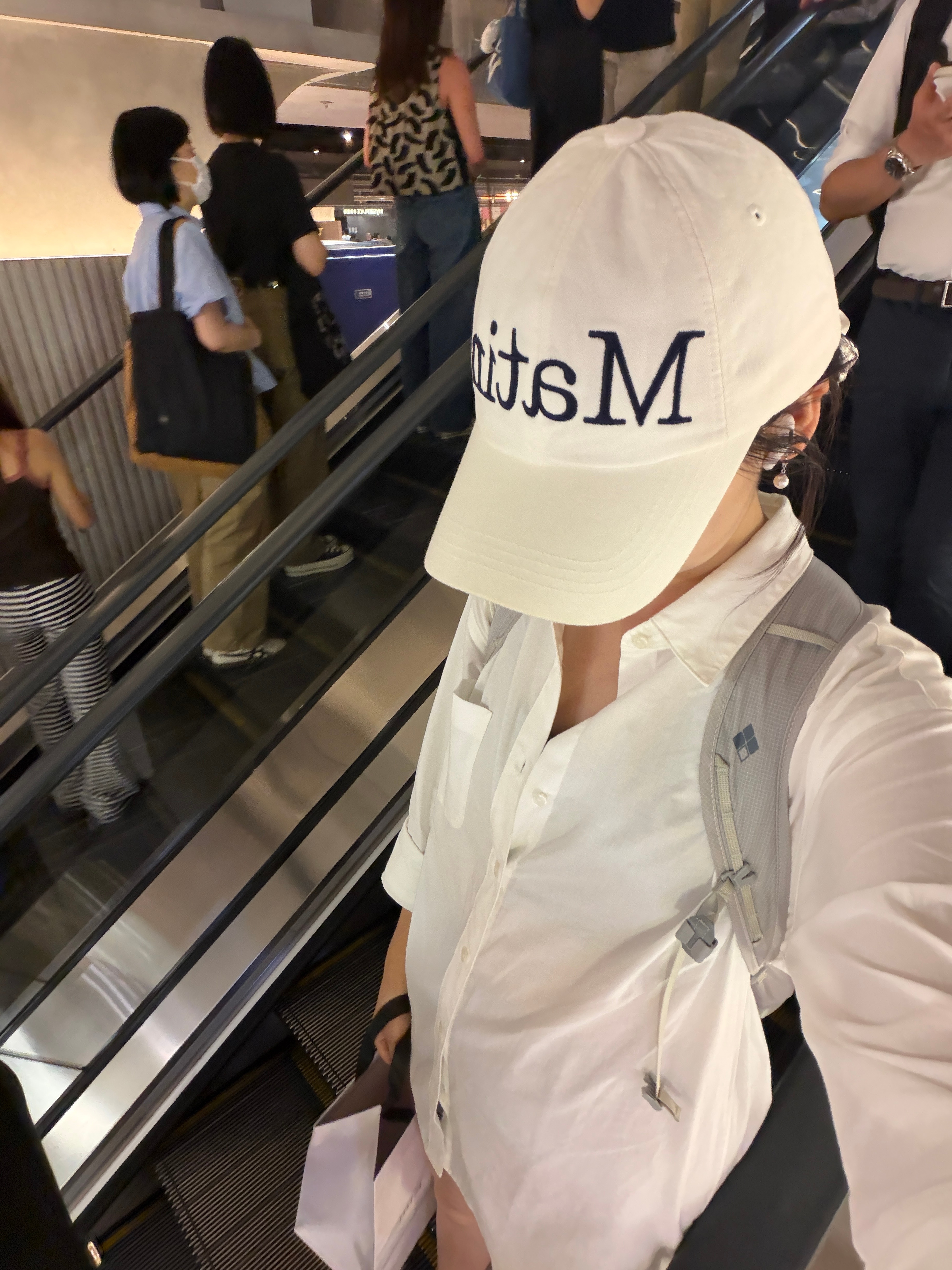 花了两个小时考虑到底要不要买，最后把店里旧的买走了因为新的版型没这个好，并非我的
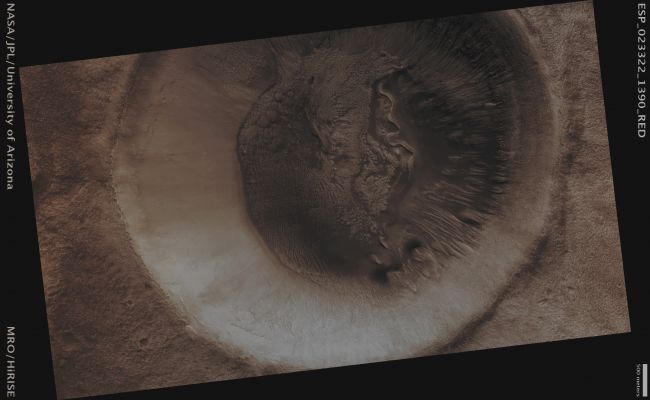 Features of Avire Crater (Absolute Natural Colors; credits for the additional process. and color.: Dr Paolo C. Fienga - Lunexit Team) 
Mars Local Time: 14:15 (Early Afternoon)
Coord. (centered): 40,8° South Lat. and 200,3° East Long.
Spacecraft altitude: 254,5 Km (such as about 159,1 miles) 
Original image scale range: 50,9 cm/pixel (with 2 x 2 binning) so objects ~ 1 mt and 53 cm across are resolved 
Map projected scale: 50 cm/pixel
Map projection: EQUIRECTANGULAR
Emission Angle: 0,5° 
Sun-Mars-Spacecraft (or "Phase") Angle: 41,8°
Solar Incidence Angle: 41° (meaning that the Sun is about 49° above the Local Horizon)
Solar Longitude: 330,2° (Northern Winter)
Credits: NASA/JPL/University of Arizona
Additional process. and coloring: Dr Paolo C. Fienga - Lunar Explorer Italia
Parole chiave: Mars from orbit - Craters - Avire Crater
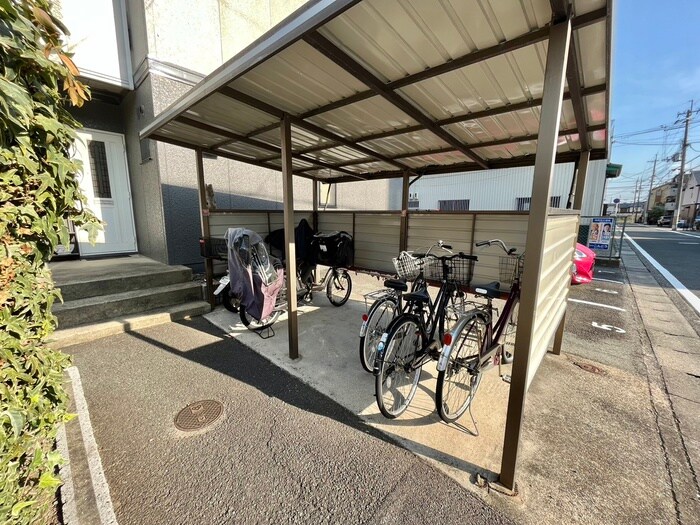 物件外観写真2　(駐輪場)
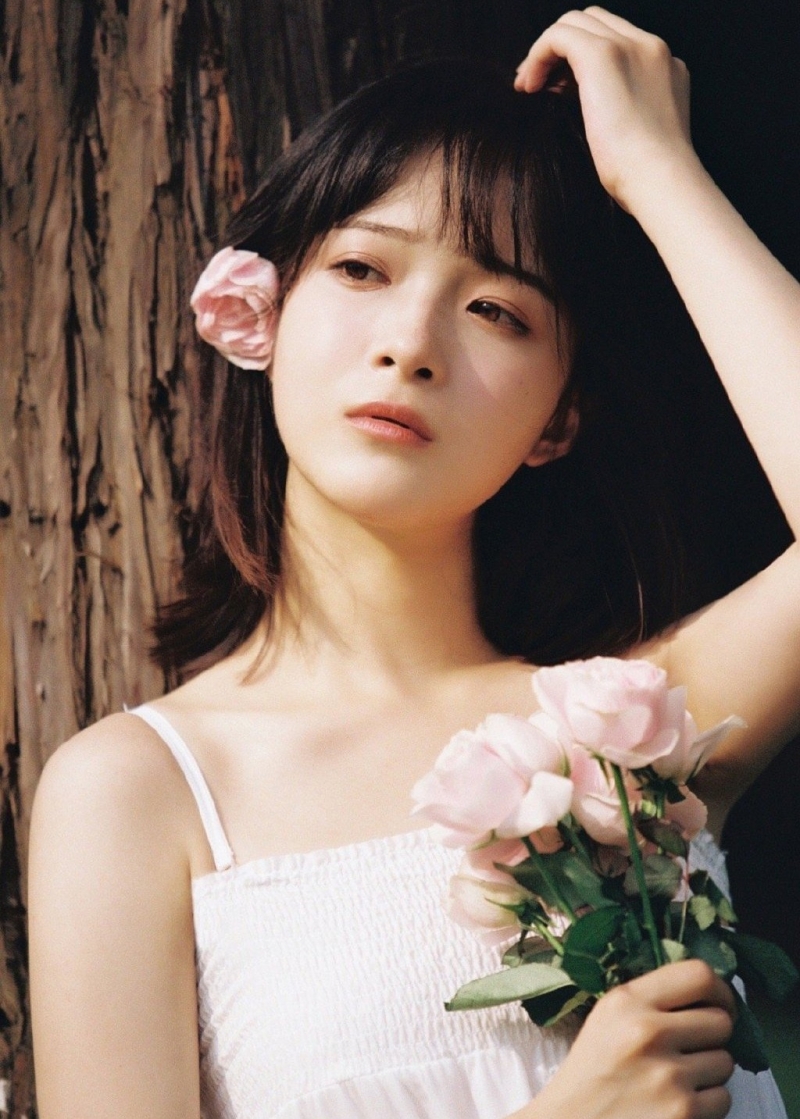 日系妹子气质清新吊带美女写真  第8张
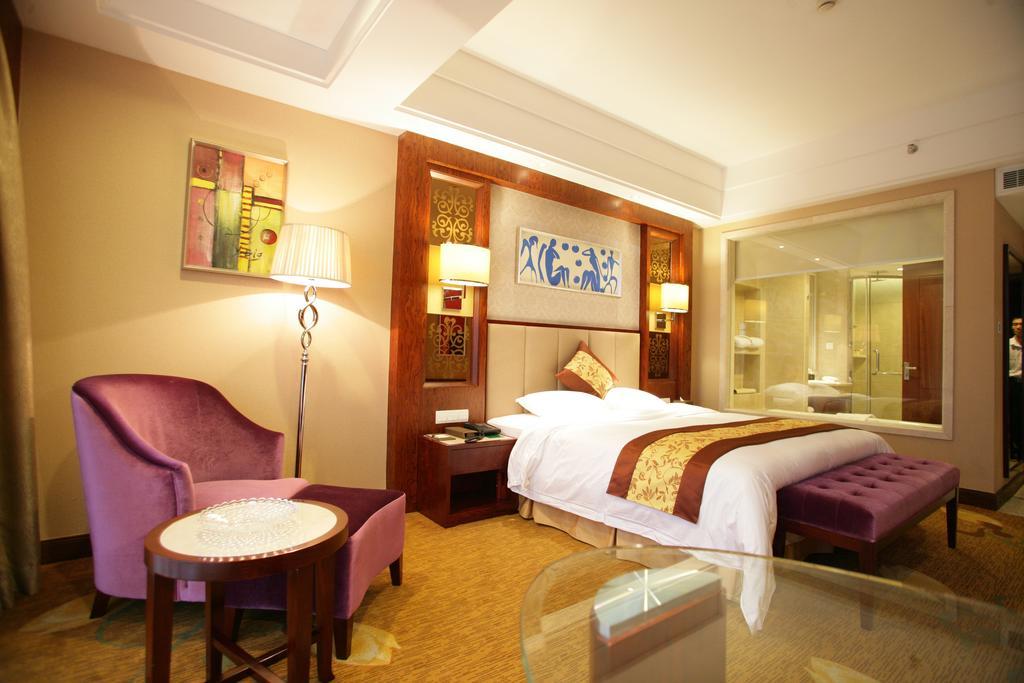 Dongguan Huilihua Hotel Экстерьер фото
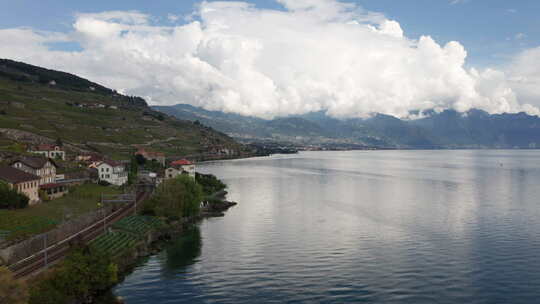 瑞士乡村美丽湖泊附近美丽建筑的天线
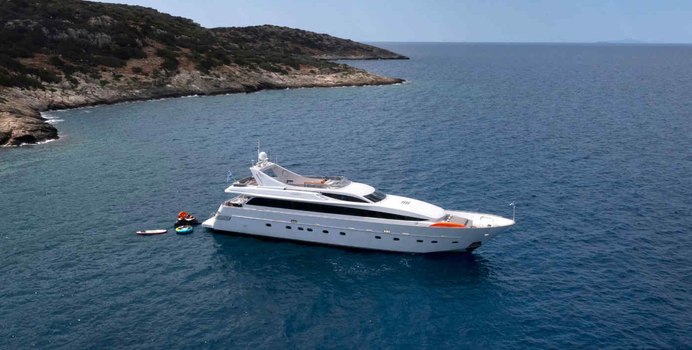 Bubbly Yacht Charter in Athens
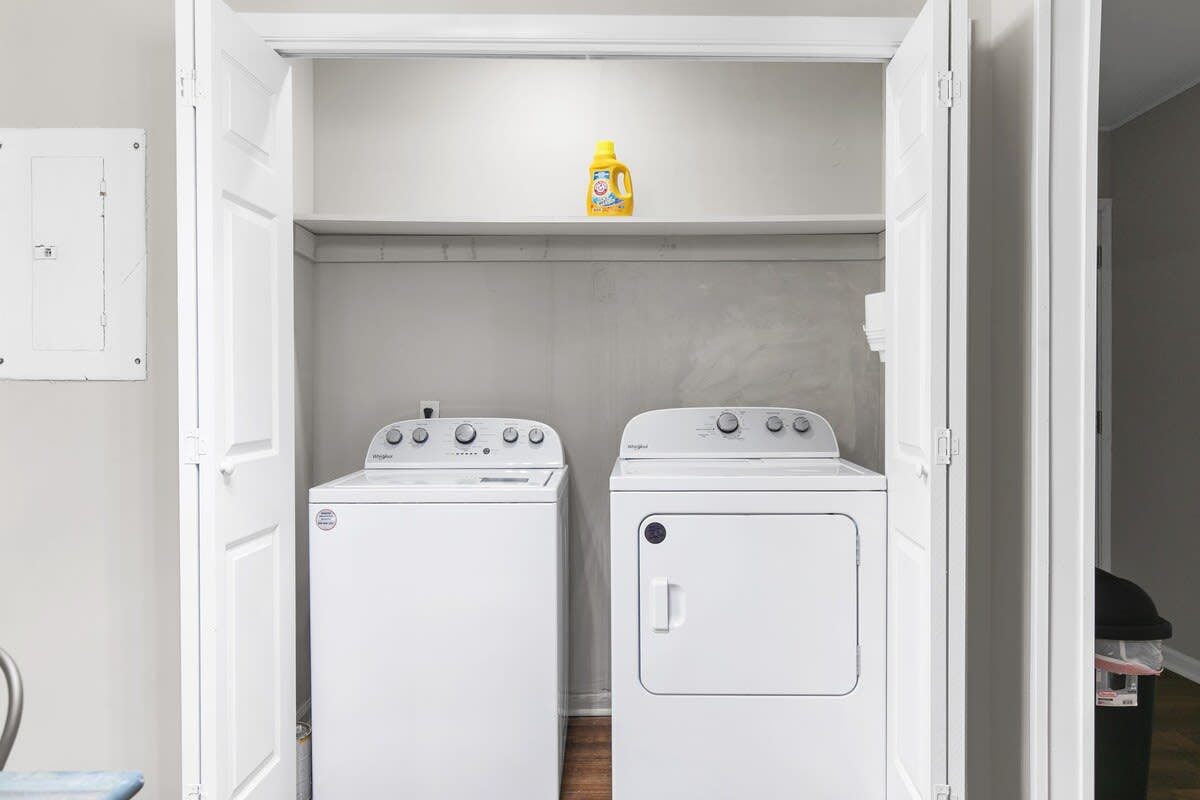 21st Street Evergreen Charm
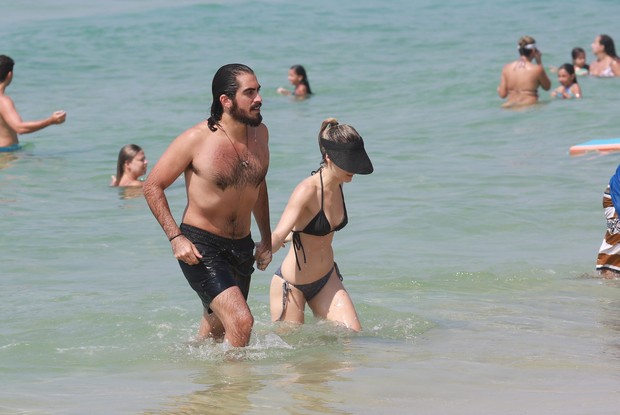 Bianca Bin e o marido na praia (Foto: Dilson Silva / Agnews)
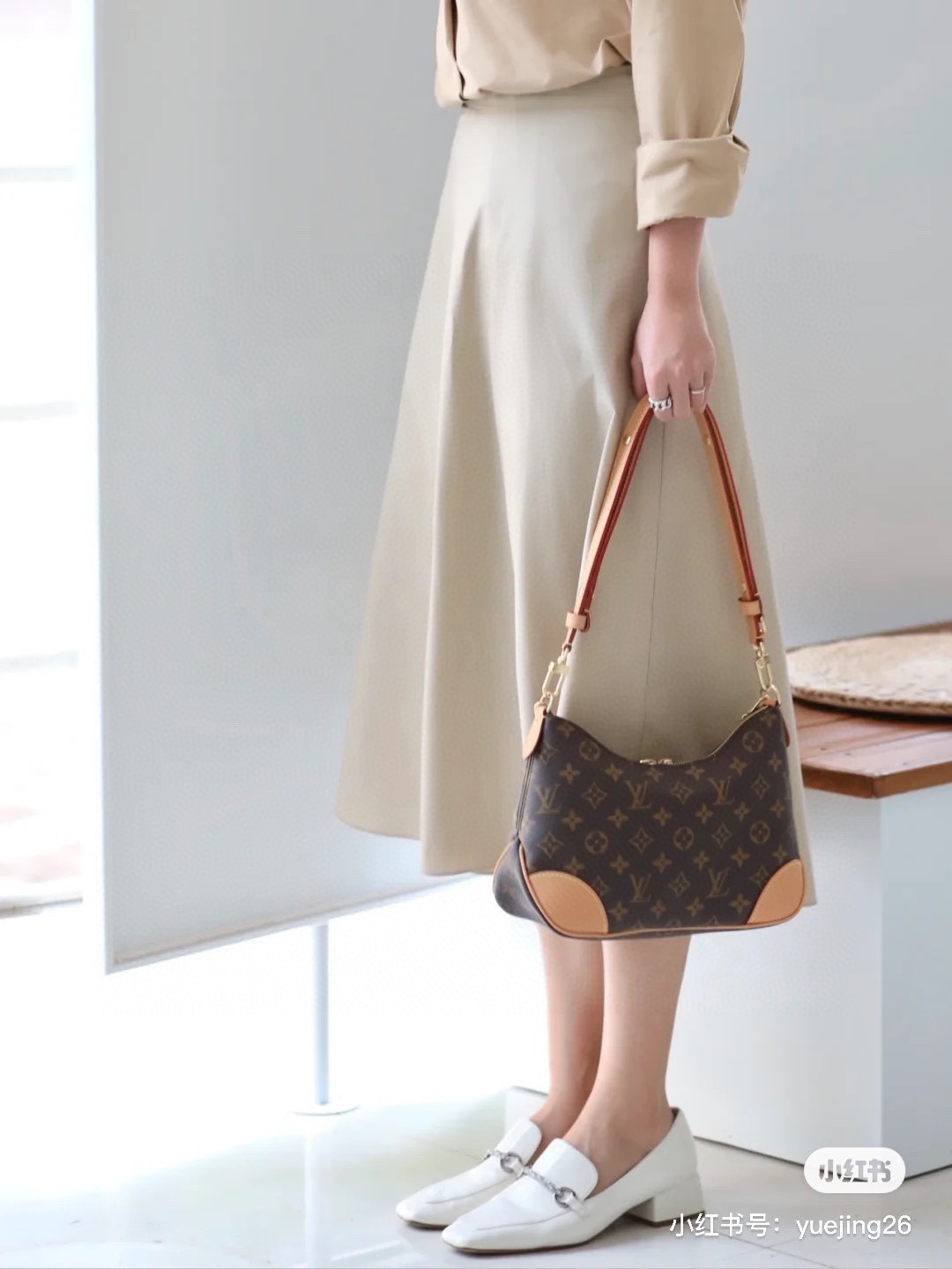M45832 On-body look. - Bag 8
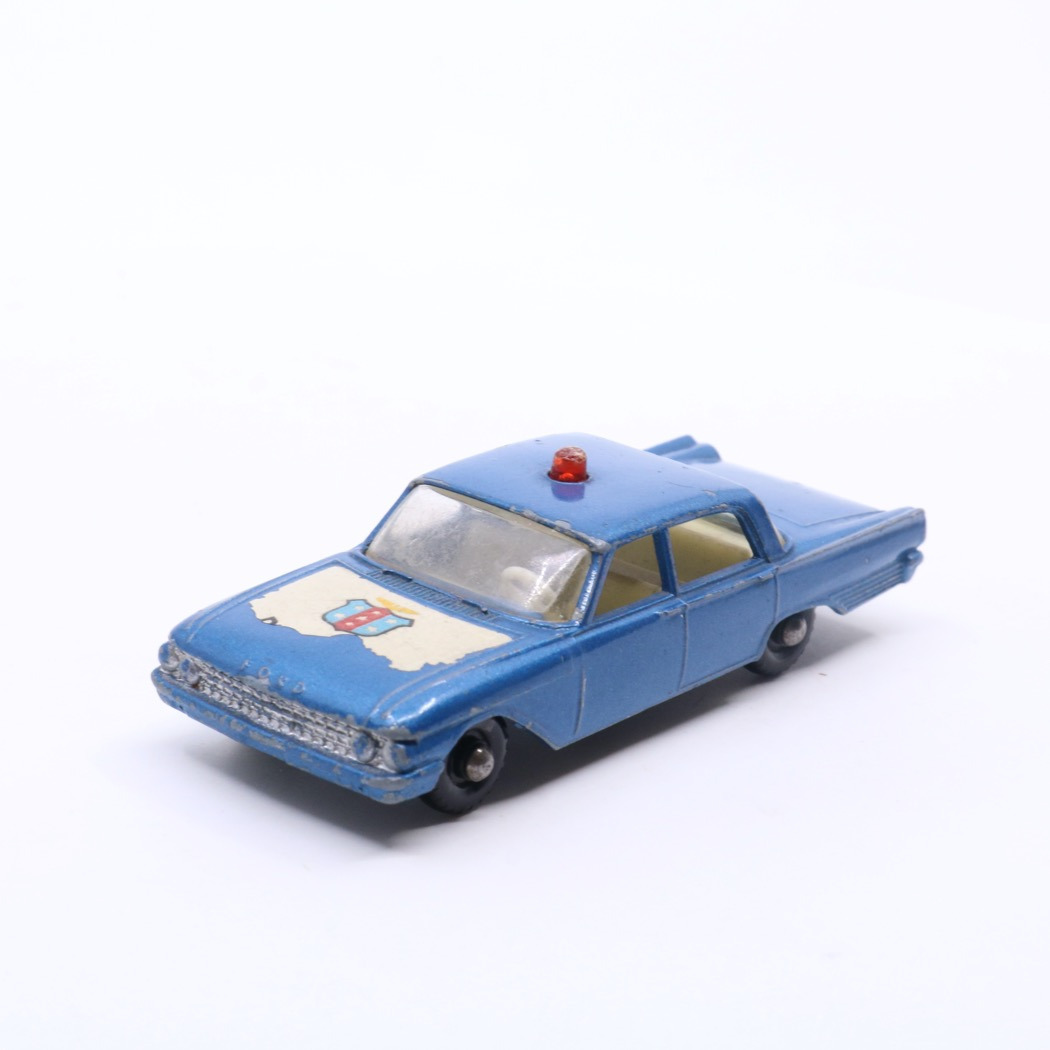 Matchbox 1/43 - Ford Fairlane 1955 Bleue - état Très Bon + Boîte
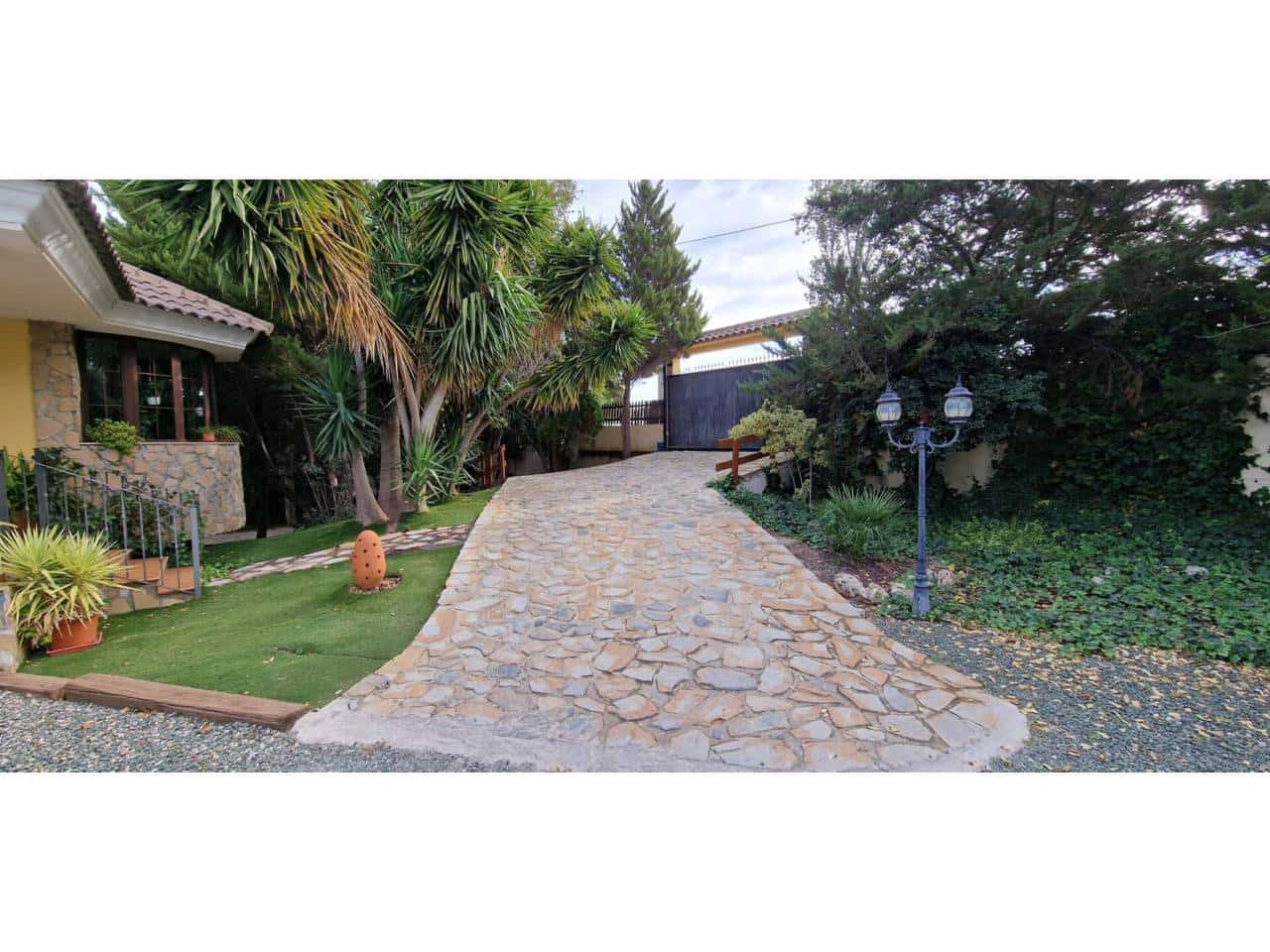 3 bedroom Villa for sale in Totana with pool garage - € 400,000 (Ref: 9911400)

*-*-*

Search the listing above for lines containing "pixel", and copy them.

Original image scale range: 50,9 cm/pixel (with 2 x 2 binning) so objects ~ 1 mt and 53 cm across are resolved 
Map projected scale: 50 cm/pixel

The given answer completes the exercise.